Mês passado eu escrevi sobre "neotenia", e é algo em que tenho pensado bastante. Chame de síndrome de Peter Pan, chame do que for, mas minha opinião atual é que ser infantil é coisa muito séria. E estou me divertindo pacas tentando despertar minha criança interior (uma criança meio sisuda, mas ainda assim criança).

Quando eu era pequena, por algum motivo me veio à cabeça a convicção de que ou se é bom com livros, ou com esportes, mas não com os dois. E já que desde quando eu me entendia por gente eu já gostava de ler, eu meio que achei que minha escolha já estava feita e selada, e que seria fominha demais gostar de esportes também. Então eu entrei nesse círculo vicioso de que eu era "um desastre" em qualquer coisa que envolvesse o físico.

Acho que só foi lá pros meus 25 anos que eu saquei que essa dicotomia mente-corpo era um mito -- e um mito não só bobo como também prejudicial. Desde então eu tenho tentado reverter os efeitos de um quarto de século de vida sedentária, nem sempre com muito sucesso (embora deva confessar que é bem melhor tentar quebrar a vida sedentária agora do que esperar mais outros 25 anos).

Tudo começou com a bicicleta. Depois a dança. Depois, mexer através do umbigo. Ontem eu experimentei dar tacadas em bolas de golf pela primeira vez. E frisbee. E pulei num trampolim. E, para minha grande surpresa, não foi nenhum desastre. Muito pelo contrário.

Eis então que um círculo vicioso dá lugar a outro ciclo, não tão vicioso mas igualmente viciante. Só espero que meus livros não fiquem com muito ciúmes. E se ficarem, ah, problemas...

20.6.07

Admirando o próprio umbigo

Os gregos achavam que a Grécia era o umbigo do mundo. Se isso não é egocentrismo (literalmente), eu não sei o que é.

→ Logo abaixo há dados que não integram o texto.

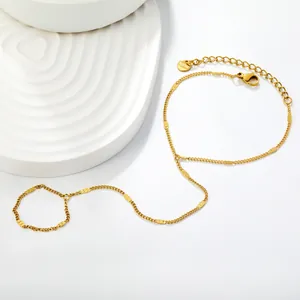 Vue détaillée d'un bracelet bague minimaliste en acier inoxydable plaqué or 18 carats.
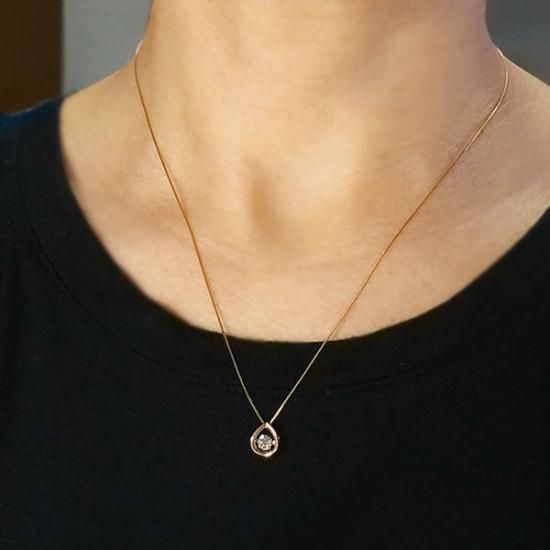ダンシングストーン ダイヤモンド ネックレス 0.2ct K18 ピンク ダンシングストーン ダイヤモンド ネックレス 0.2ct K18 ピンク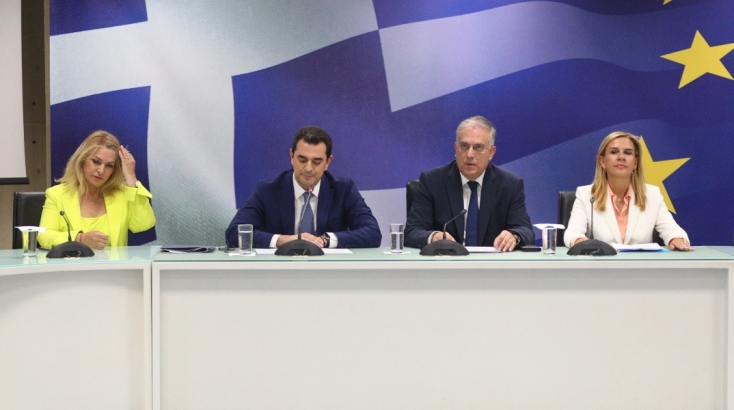 Τελετή παράδοσης παραλαβής στο Υπουργείο Ανάπτυξης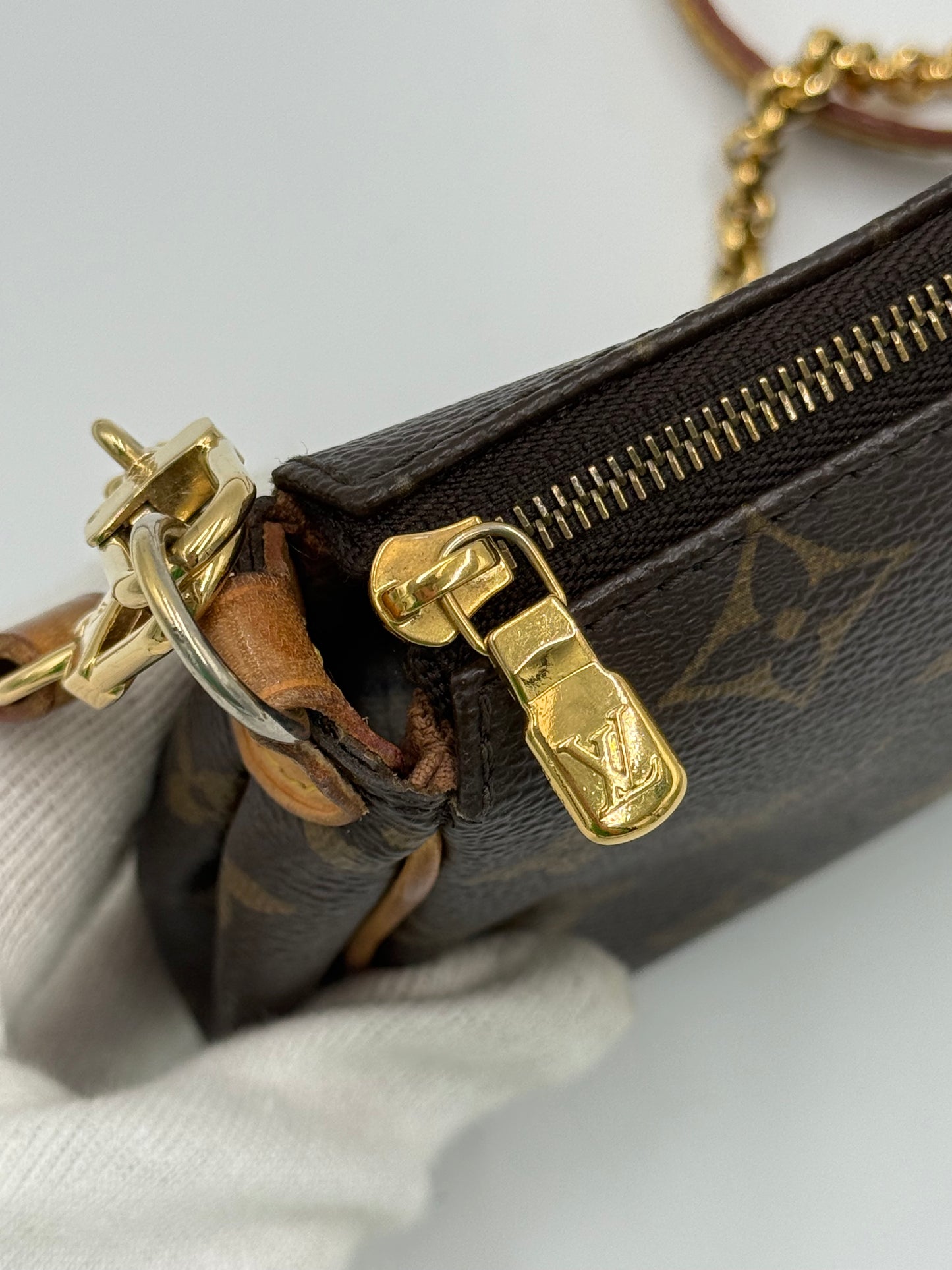Louis Vuitton Borsa Eva Clutch Monogram Canvas Marrone - Pally Vintage Closet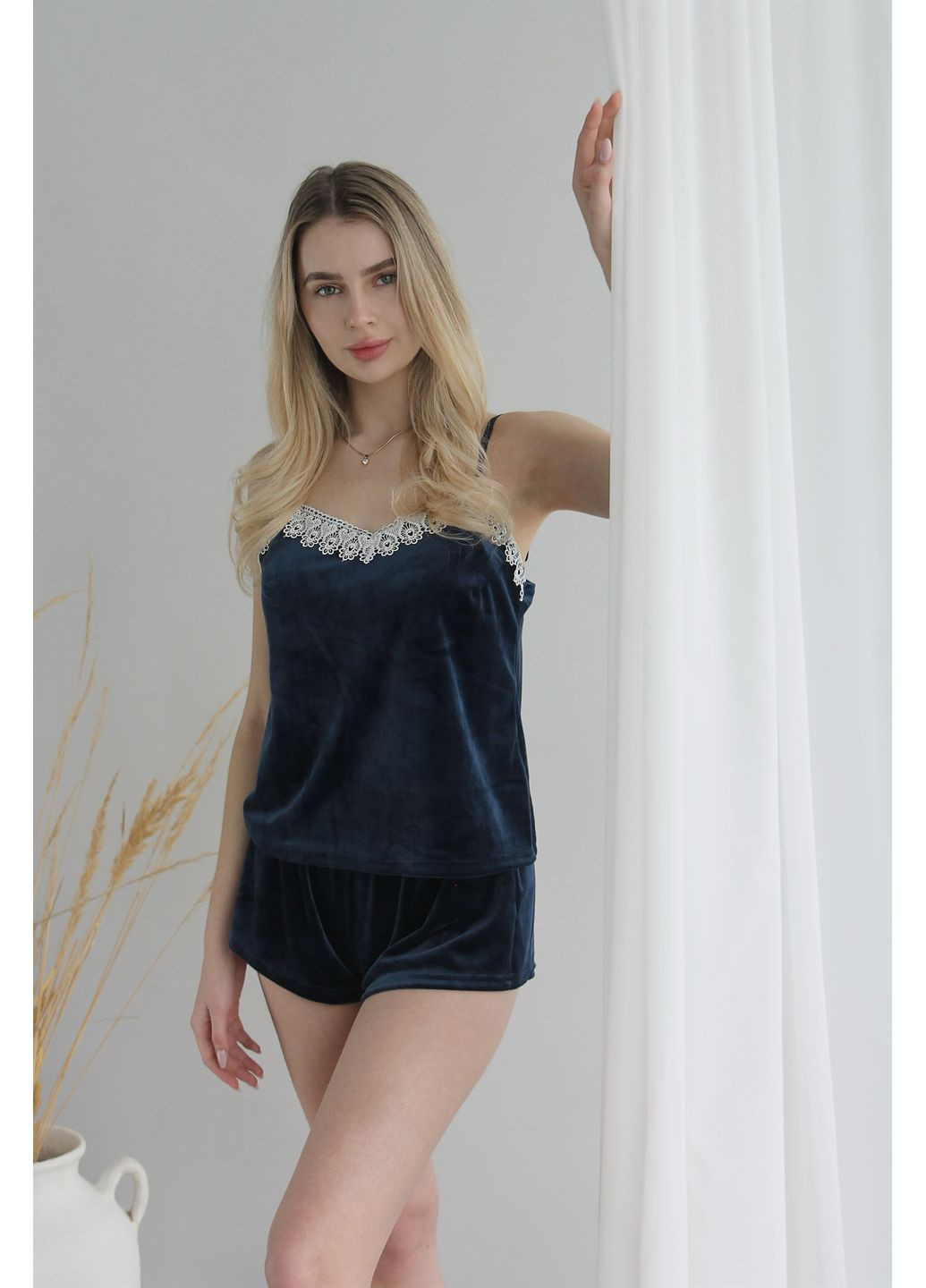 Синий демисезонный бархатный комплект халат + шорты + майка Vakko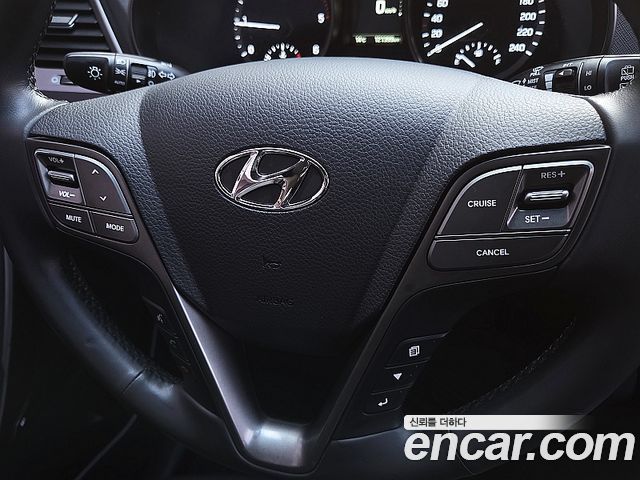 Hyundai Santafe 2016 — photo 15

Dessa última vez que eu fui à Grécia eu não tive tempo de ir a Delfos, o local exato do suposto umbigo do mundo. Mas eu passei muito tempo admirando um certo umbigo. No caso, o meu próprio umbigo.

Na verdade, nos últimos dois meses eu tenho admirado meu umbigo mais do que o normal. Não que narcisismo seja algo assim tão fora do normal para mim. Mas nesses meses eu alterei minha consciência umbilical em quantidade e qualidade. Eu tenho pensado sobre meu centro de gravidade, meu eu criativo, minha fábrica de energia. Seja lá o que isso queira dizer.

7 semanas atrás eu tomei uma decisão arrojada. Eu me matriculei em três aulas sobre as quais eu não sabia nada de nada. Eu comecei a ter aula de Pilates, Tai Chi Chuan e Nia. Eu não tinha a mínima idéia do que que era essas aulas, mas eu precisava de uma motivação extra para ir para a academia, e essas eram as únicas aulas que se encaixavam no meu horário. E por coincidência, todas essas três atividades exercitam o nosso centro de gravidade. Nosso "eu" criativo. Nossa fábrica de energia. Aquela cicatrizona no meio da nossa barriga.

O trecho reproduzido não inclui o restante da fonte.